- There would be a “transparent Coinbase fee” as per the exchange.
- The U.S. SEC earlier penalized Kraken for its staking program.
A month after U.S. authorities clamped down on similar offerings, Coinbase informed customers Monday that it is revising the terms and conditions of its staking service.
In an email to customers on Friday, the largest cryptocurrency exchange in the United States confirmed the continuation of staking and emphasized that clients will earn rewards through protocols and not Coinbase itself, addressing a major point of contention with U.S. regulators like the Securities and Exchange Commission (SEC).
Serves Merely as a Service Provider
It was announced today that there would be a “transparent Coinbase fee” and that Coinbase serves merely as a service provider linking the user to the validators, and the protocol.
Currently, Solana (SOL), Cosmos (ATOM), Cardano (ADA), and Tezos (XTZ) are the assets that need to be unstaked on Coinbase.
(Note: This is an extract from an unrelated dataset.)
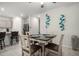 Cozy dining area adjacent to the kitchen with a modern table setting and stylish decor elements at 4701 S Siphon Draw Rd, Apache Junction, AZ 85119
Users who hold Solana on Coinbase, for example, are eligible to get staking rewards automatically and without opting into the program. Yet, that’s beginning to change.
It may take a “few hours or a few weeks” for an asset that has been staked on Coinbase to become unstaked, at which point it may be transferred or sold. That took longer than expected owing to strict protocol requirements and Coinbase’s processing time, so the company informed its clients via email.
The U.S. Securities and Exchange Commission penalized Kraken, another major American digital asset exchange, $30 million last month for the alleged violation of securities laws involving Kraken’s staking program, prompting Coinbase to alter its terms of service. The exchange was also told to stop providing staking to clients in the United States.